Early on in my ministry I gave the church a sign - Wal-Mart. If the planets ever aligned, pigs flew, Hades froze over and it snowed on Sunday I charged the church to call Wal-Mart. If Wal-Mart was open, we would be open. For the last 10 or so years of my ministry it has almost become another Bible verse to our congregation, “If Wal-Mart is open, we will be open.” On Sunday Wal-Mart was open, but I cancelled the worship services. I broke my own commandment. I ignored the sign. I blew it.
Here is how it happened.
It was the Sunday after Christmas. As all good pastors do I asked our youth pastor to preach. Youth pastors are heavily sought after preachers on Memorial Day, Labor Day, and post-Christmas day weekends. I had originally planned to preach on the 26th, but I felt bad for our youth pastor, Caleb, because I hadn’t asked him to preach in quite some time. So we had it planned, Caleb would preach both morning services, I would attend the first one, then the family and I would head to Georgia for Christmas Day #2. Christmas Day #1 was a memorable one in Alabama; for the first time in 4,589 years Alabama had a white Christmas. The problem is that Christmas was on Saturday and the white part continued on until Sunday. As I headed to church with my family on Sunday I was handed a glaring reminder of why God doesn’t give Alabama snow. Alabamians freak out in snow. Snow in Alabama does to its people what bug zappers are designed to do with bugs. It sucks them in to the light, it is a siren song of death. Snow says to Bamers, “Get in your big O’ truck and go somewhere, anywhere so you can see what your truck will do in snow.” Once out, the big O’ trucks end up in piles. In Alabama we do not have snow drifts, we have Chevy drifts - tangled piles of twisted metal; each one a testament to why God doesn’t give Alabama snow. On Sunday my problem was not that I could not get to church because of the snow; I couldn’t not get there because of the truck drifts, the rear wheel drive testimonies to the reasons we fish in the South and do not ski. We cannot function in snow.

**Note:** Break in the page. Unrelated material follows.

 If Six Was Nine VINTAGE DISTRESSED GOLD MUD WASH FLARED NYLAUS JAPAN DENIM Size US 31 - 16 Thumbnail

So halfway to church I made a call. I called Caleb. At 8:45 a.m. he and Johnny, our music minister, were the only two people at the church. Other people had called in and reported that they too were having the truck drift problem - cars were in piles, no one was coming to church. Wal-Mart had been called. The report was that there were only a few lost souls there, helplessly trapped by the tangled mass of humanity outside; but Wal-Mart was open. At this point I should mention two factors I did not calculate into the Birmingham version of my Wal-Mart plan. When I first enacted the Wal-Mart plan Wal-Mart was not open 24 hours - now they are. The second critical component I did not factor in was that on December 26th, a nuclear bomb could go off in the parking lot and Wal-Mart will open. Black Friday is a busy day for Wal-Mart, Dec. 26 is its rival. So there I sat on Deerfoot Parkway, having just navigated a truck drift on Old Springville Road, watching another truck drift being created just ahead of me - and I blew it - I called off church.

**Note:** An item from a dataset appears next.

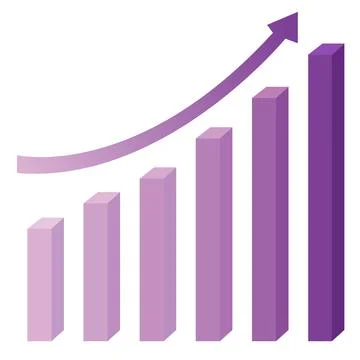 Growing columns and an arrow going up. The concept of ranking, development, a Stock Illustration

Another interesting element about snow in Alabama is that it comes rarely and leaves quickly. I called off church at 8:45, by 11:00 a.m. the roads were clear, and all the truck drifts had also blown away. This is why I have the Wal-Mart policy, because as soon as you cancel church God will clear the roads and people will go shopping. So once the roads were clear, we went to Red Robin, got burgers, exchanged a sweater at Justice and headed for Georgia. This may seem like a happy afternoon, but if you ask my wife she will tell you that it was agony for me. If I ever cancel church on Sunday, I am miserable for the rest of the day. Women eat ice cream when they are depressed. I ate a Whiskey River BBQ spinach chicken wrap, a bag of M & M’s, 3 mini 3 Musketeer bars, a bowl of 15 bean soup, several tortillas, and some delicious desserts I cannot identify - all because I was miserable. When I cancel church I gain weight. I need worship to keep me fit.
For those of you who came to RBC yesterday and it was a dark lonely place, I am sorry. I know you saw the bright lights of Wal-Mart and just knew we too would be open. You observed the sign. I have trained you well, and so you came. And there you sat, your faces were branded on my conscience yesterday, scared, cold, and confused - Wal-Mart is open, but RBC is closed. I know it was a strange, twisted, alternate universe, sci-fi type of experience for you. I am sorry.
Yesterday, I blew it. May it never snow on Sunday again! Happy New Year!